Jamieson places fault on the Russians. This assumes an external locus of control. Foreigners. Russians!!!
Not only is it plausible these emails were not hacked by the Russian government/ Putin, we also know this damaging information about Clinton was known and discussed by Americans. Publicly.
These Americans exposed Clinton buying the DNC and rigging the Democratic primary election so Bernie Sanders could not win.
Here’s Donna Brazile’s statement.
Here’s a notice from Bernie Sanders pointing out fund improprieties in the Clinton campaign during the primaries.
Hillary had access to
No one has disputed the veracity of the DNC emails released by Wikileaks. Their veracity is independently confirmed by Americans prominently involved in the campaign, Sanders and Brazille.
If you need an even bigger smoking gun, the attorney for the DNC stated in court the DNC did nothing wrong.

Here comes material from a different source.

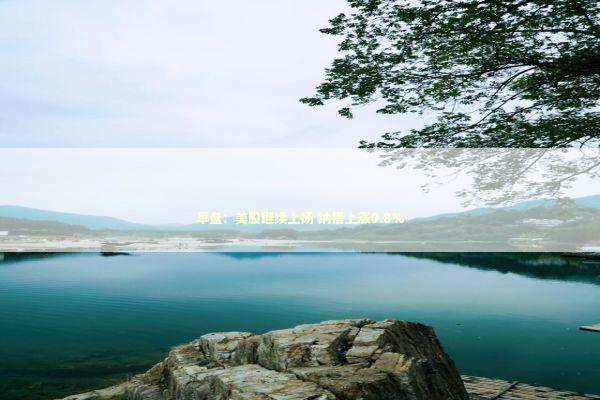 早盘：美股继续上扬 纳指上涨0.8%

As a private entity, they are entitled to pick their candidate “over cigars and whiskey in a back room.”
The judge agreed. The DNC committed fraud. Everyone agreed. The DNC charter says they hold fair primaries without prejudice for or against any specific candidate. Judge says don’t have to follow their own charter.
The DNC held a presidential primary election with no meaning. Hillary Rodham Clinton was the choice no matter what voters said. For example:
Sanders won all 55 counties in the West Virginia primary. Yet HRC received 19 delegates to Sanders’ 18. There were many such scale tippings, this is only one example. Groups such as Election Justice USA catalog many more such events.
The bigger issue here is what happens when voters ascribe an internal locus of control? Meaning, what if the DNC and Clinton herself are at fault here rather than whomever released the emails?
After learning about the impossibility of Sanders actually becoming the Democratic party nominee, millions of people refused to vote for Hillary Clinton due to her rigging the election.
Is this the Russians’ fault? They didn’t rig the election. Hillary Clinton did.
In short, I have gone through many of Jamieson’s claims. You can review challenges to her claims at the hyperlinks provided here.
Her claims cannot hold water under this scrutiny. She retains all the assumptions made by the NYTimes and Washington Post and MSNBC and so on, assumptions which have been debunked or for which there is no compelling public evidence.
As Bob Woodward makes plain “in two years of investigating for my new book, Fear, I found no evidence of collusion or espionage between Trump and Russia. I looked for it ‘hard’ and yet turned up nothing.“
Therefore, all the number crunching in the world done by Jamieson is useless; when faced with such counter evidence, her house crumbles. The evidence she bases her analysis on is simply unsound.
We know both the US and Russia regularly interfere with each other’s elections, as well as those of countries around the world. The baseline for meddling is “one of every nine competitive national level executive elections between 1946 and 2000.”
Therefore, a more significant effect than the usual baseline meddling needs to be demonstrated to be relevant. As Bill Binney stated, “In other words, it means, the Russian GRU is hacking everybody to get information. But that’s what we are doing too! So he’s charging them for hacking, which means we should expect our spies to all be charged with similar crimes by all the other countries in the world because we do more spying and hacking than anybody!”